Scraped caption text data

- Opening Delimiter -

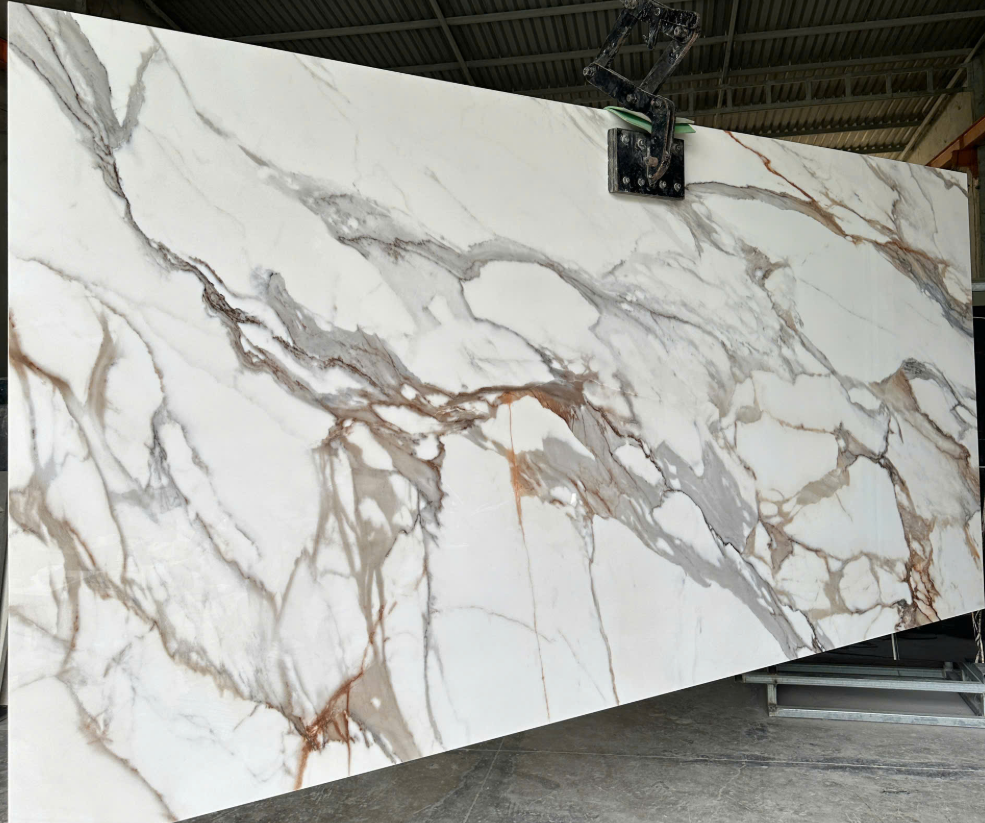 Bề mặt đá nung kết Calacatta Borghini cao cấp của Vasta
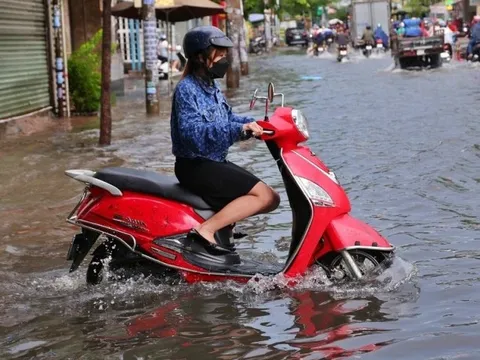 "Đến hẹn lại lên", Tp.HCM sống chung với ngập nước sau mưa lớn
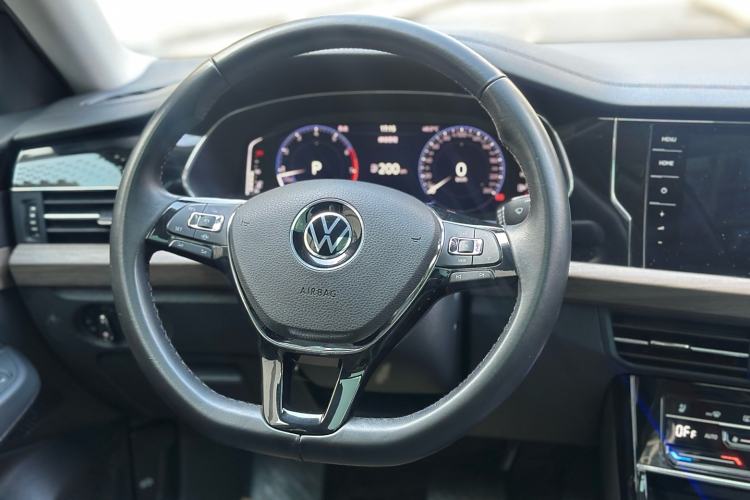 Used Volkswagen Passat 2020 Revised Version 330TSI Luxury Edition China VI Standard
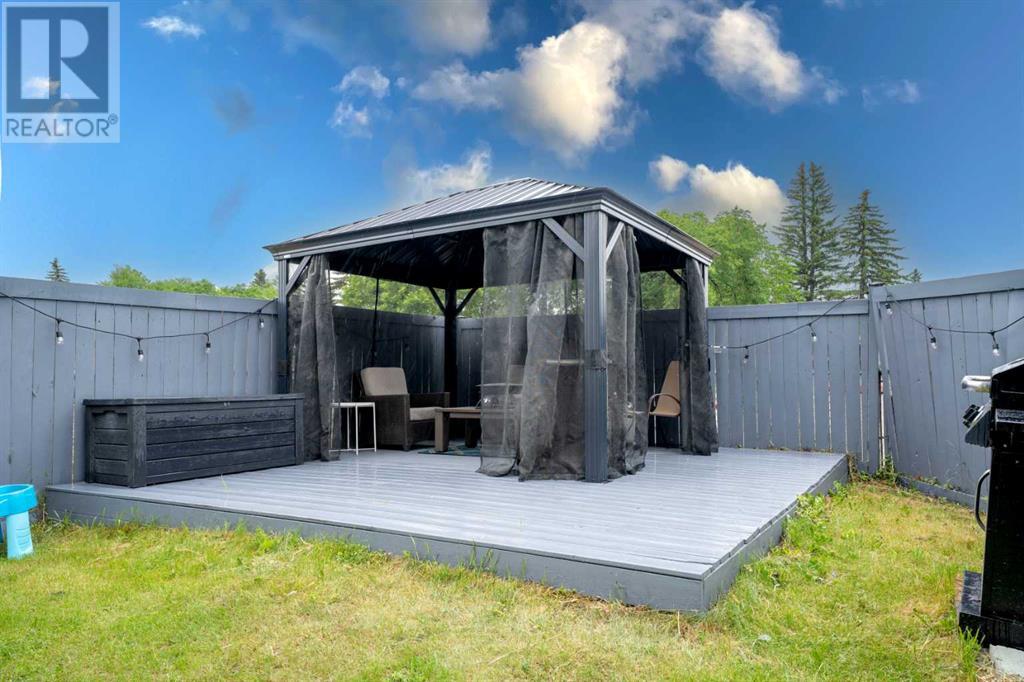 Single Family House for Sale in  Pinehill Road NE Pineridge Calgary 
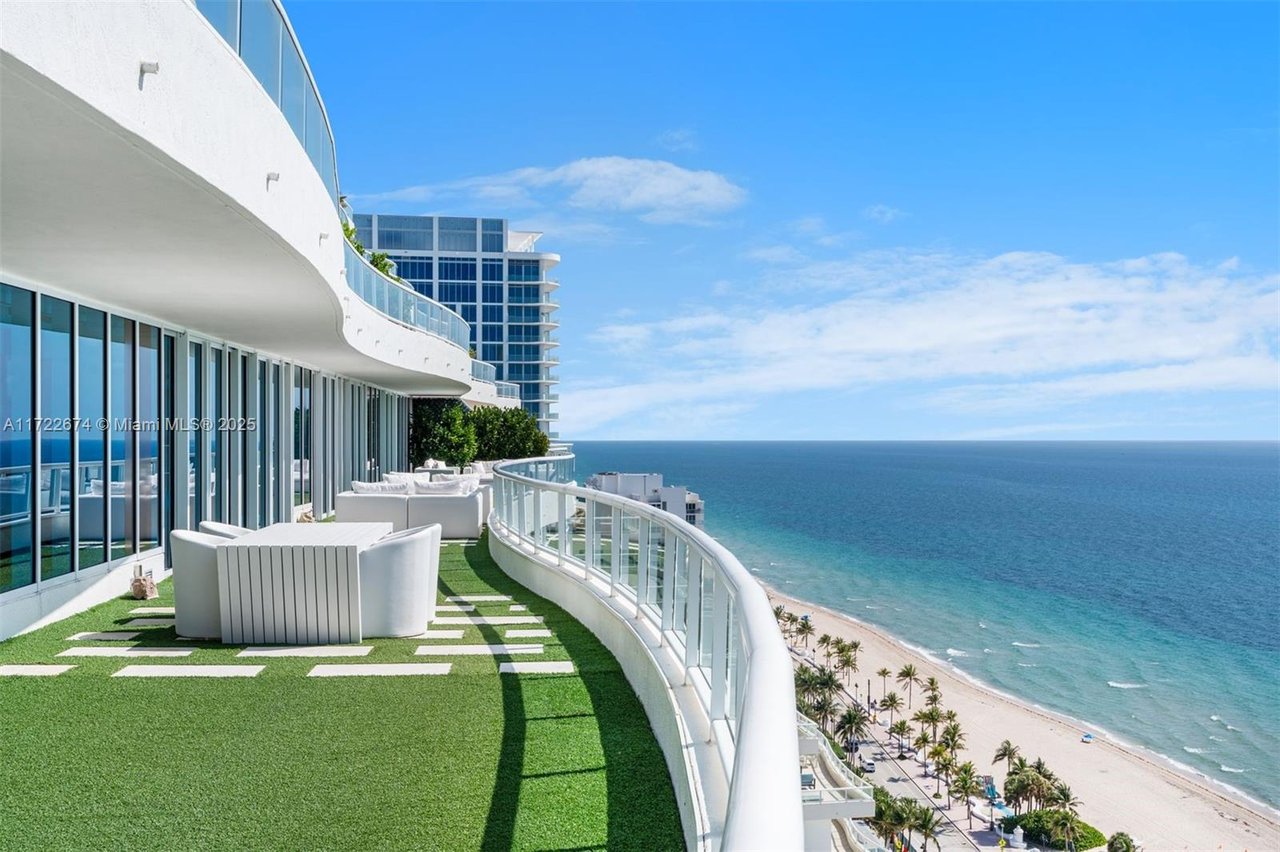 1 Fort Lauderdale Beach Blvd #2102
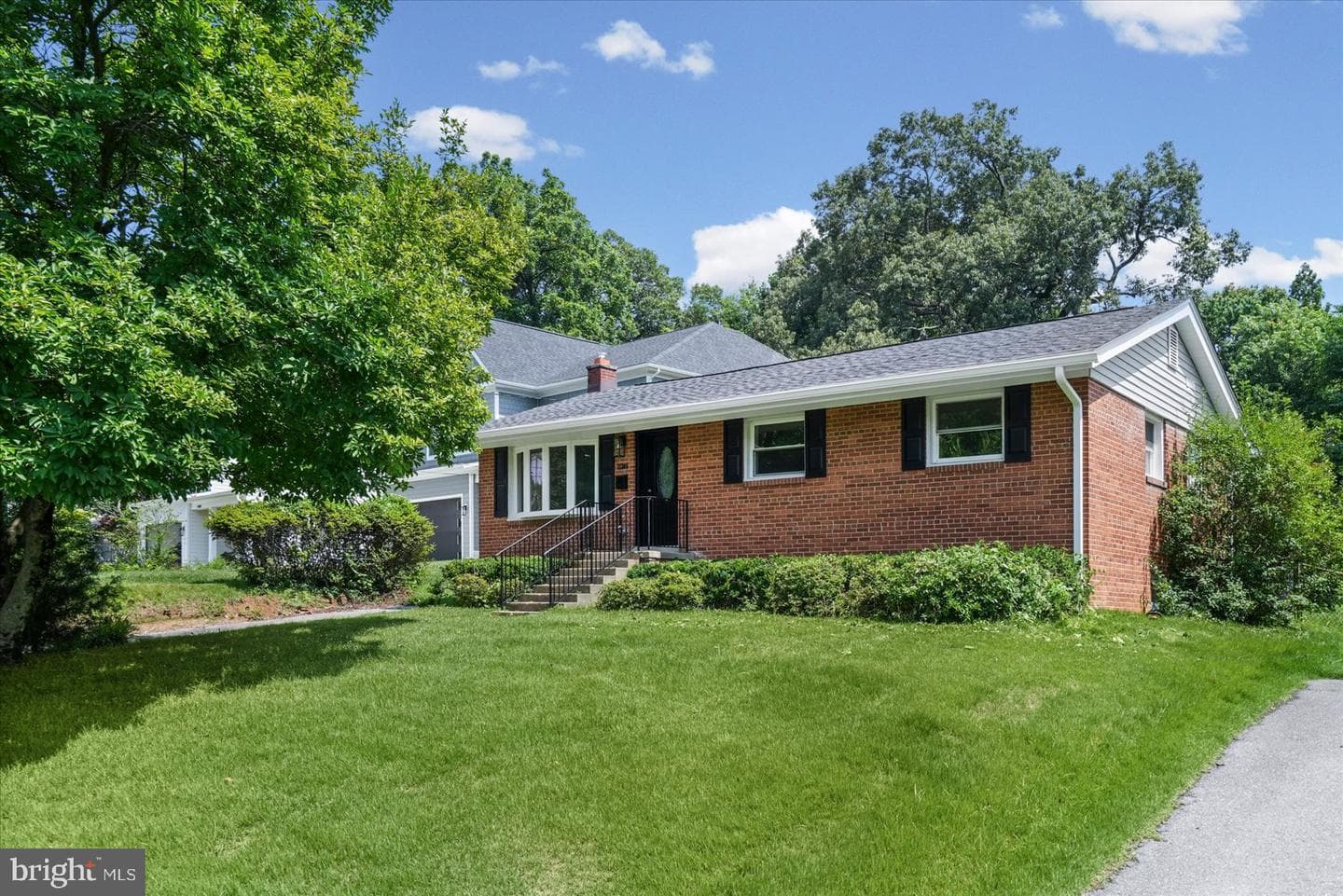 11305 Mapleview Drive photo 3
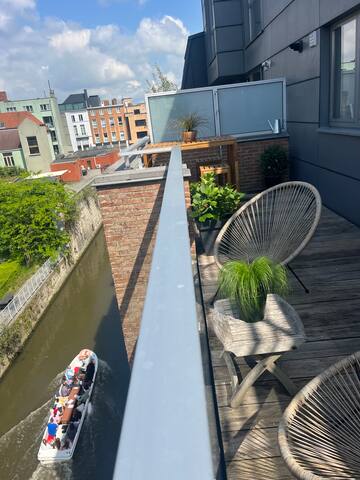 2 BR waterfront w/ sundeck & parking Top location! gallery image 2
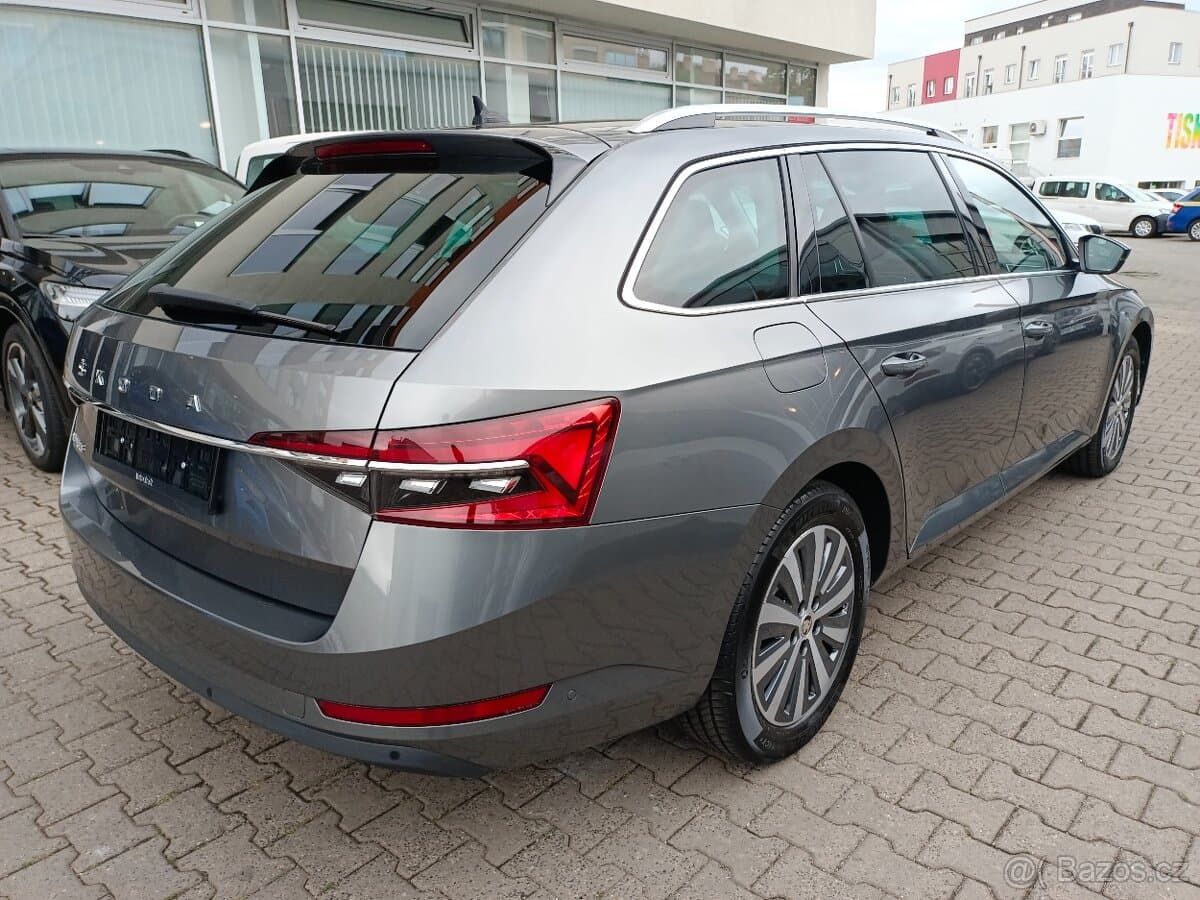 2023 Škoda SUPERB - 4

- Closing Delimiter -

**What you have to do**
Your answer must be an exact copy of the lines from the line with "11305 Mapleview Drive photo 3" to the final line of the data, both ends included, and no pictures.

**Result for this exercise**
 11305 Mapleview Drive photo 3
 2 BR waterfront w/ sundeck & parking Top location! gallery image 2
 2023 Škoda SUPERB - 4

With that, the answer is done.